The guy is speaking straight to a new Gen Z reactionary right wing sensibility. And, while it’s turning off older voters, it’s worryingly doing the trick with the new youth right.
Despite his shameful rhetoric, Fishback has four times as much support as opponent Byron Donalds in the 18 to 34 age demo — a frightening indication of where Gen Z might be taking the party.
According to a February poll from the University of North Florida, Florida Representative Byron Donalds leads in the general electorate at 31%, compared to Fishback’s 6%. Half of voters are still undecided.
But Donalds’ 5 to 1 lead completely flips among young voters, where Fishback leads 4 to 1. He is backed by 32% of 18-to-34-year-olds, while just 8% support Donalds.
It’s a startling indication that Gen Z’s version of conservatism — honed online, and shaped by social media influencers and Twitch streamers — looks very different from their parents’ and grandparents’ versions.
It seems as though Fishback is modeling his campaign off the Gen Z online right: be as provocative as possible for attention and clicks, and push the envelope as far as possible to sustain buzz.
Fishback recently chased Byron Donalds down to call him “AIPAC Shakur” — a play on Tupac Shakur’s name and the American Israel Public Affairs Committee — to his face. He has also dubbed him a “token black” and a “slave to his donors,” while changing his name to “By’rone” in a tweet.
He wants a $50,000 “Mamdani tax” levied against out-of-state buyers (not just New Yorkers) of Florida homes. He’s not just anti-immigration, but anti-immigrant, campaigning on removing every “foreign worker who has stolen a job from us.”
He joined Tinder to meet young female voters, even though NBC reported that a Florida school district cut ties with Fishback in 2022 over an allegedly inappropriate relationship with a minor student.
After Don Lemon was arrested for being present as Minneapolis protesters interrupted a church service, Fishback tweeted in January, “Don Lemon is lucky he’s not getting hanged in the public square for ransacking a church.”
This hasn’t endeared him to older Floridians, but his growing fanbase is indicative of a recent turn by young men to the political right.
Fishback’s rallies have been frequently held at college campuses, where he draws out young male students. The crowd at a Pinellas Young Republicans gathering was overwhelmingly male and mostly under 35, according to the Tampa Bay Times.
Many young men have been influenced by far-right streamer Fuentes, who spews constant racism and antisemitism on his Twitch streams, but Fishback doesn’t seem to have a problem with that.
“I’ve found the audience of young men who follow and watch Nick Fuentes to be actually incredibly informed and insightful and very patriotic,” he said in an interview. Fishback has mastered performing the rhetoric of Fuentes and his followers, known as Groypers.

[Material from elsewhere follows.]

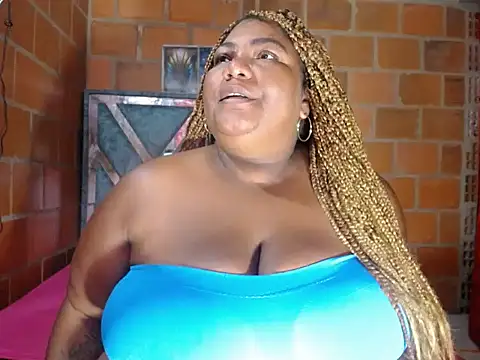 Snapshot of bustyboobsxxll chatting on March 8, 2026, 2:10 pm bustyboobsxxll online show from March 8, 2026, 2:10 pm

At a University of Central Florida rally in February, Fishback elicited cheers from the crowd when he vowed to rid school cafeterias of “goyslop.” This was an apparent re-purposing of a the Yiddish word “goy” — a slang term for a non-Jewish person, which is sometimes used in a derogatory manner — which white supremacists have been trying to co-opt.
It would be easy to ignore this guy as some attention hungry loser provocateur — if he didn’t have his finger on an actual political pulse.
Conservatives cheered when young men shifted to the right and supported Trump in record numbers in 2024, but under the assumption that this next generation’s conservatism is legible. Unfortunately, many of them are better represented by James Fishback than they would have been by Ronald Reagan.
We can only hope Gen Z will grow out of this shock-jock, internet-brewed version of conservatism, and refuse to cede the party to the Groypers in the meantime.